INFORMATION PROVIDED ▸
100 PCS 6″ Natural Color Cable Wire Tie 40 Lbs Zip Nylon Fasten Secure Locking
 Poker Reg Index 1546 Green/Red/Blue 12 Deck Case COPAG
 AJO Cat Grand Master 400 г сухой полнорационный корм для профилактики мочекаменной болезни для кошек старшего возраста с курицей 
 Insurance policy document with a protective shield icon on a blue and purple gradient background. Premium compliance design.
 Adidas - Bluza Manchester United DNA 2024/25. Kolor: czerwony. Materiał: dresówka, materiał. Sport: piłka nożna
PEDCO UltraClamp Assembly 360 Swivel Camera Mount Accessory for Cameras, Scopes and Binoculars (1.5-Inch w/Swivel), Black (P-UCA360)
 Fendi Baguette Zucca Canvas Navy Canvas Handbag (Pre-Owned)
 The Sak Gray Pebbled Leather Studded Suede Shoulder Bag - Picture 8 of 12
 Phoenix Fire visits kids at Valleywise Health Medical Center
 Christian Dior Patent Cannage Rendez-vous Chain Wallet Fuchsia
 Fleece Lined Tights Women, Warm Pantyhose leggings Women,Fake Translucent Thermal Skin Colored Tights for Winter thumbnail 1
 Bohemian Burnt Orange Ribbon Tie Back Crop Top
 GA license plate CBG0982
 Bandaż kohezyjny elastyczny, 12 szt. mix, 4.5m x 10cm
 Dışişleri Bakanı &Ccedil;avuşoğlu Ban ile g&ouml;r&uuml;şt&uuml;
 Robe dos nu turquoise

INSTRUCTIONS TO FOLLOW ▸ The lines above, starting at the one with "PEDCO UltraClamp Assembly" and ending at the one with "Bandaż kohezyjny elastyczny, 12", are the only ones to return, exactly as written.

REPLY ▸
PEDCO UltraClamp Assembly 360 Swivel Camera Mount Accessory for Cameras, Scopes and Binoculars (1.5-Inch w/Swivel), Black (P-UCA360)
 Fendi Baguette Zucca Canvas Navy Canvas Handbag (Pre-Owned)
 The Sak Gray Pebbled Leather Studded Suede Shoulder Bag - Picture 8 of 12
 Phoenix Fire visits kids at Valleywise Health Medical Center
 Christian Dior Patent Cannage Rendez-vous Chain Wallet Fuchsia
 Fleece Lined Tights Women, Warm Pantyhose leggings Women,Fake Translucent Thermal Skin Colored Tights for Winter thumbnail 1
 Bohemian Burnt Orange Ribbon Tie Back Crop Top
 GA license plate CBG0982
 Bandaż kohezyjny elastyczny, 12 szt. mix, 4.5m x 10cm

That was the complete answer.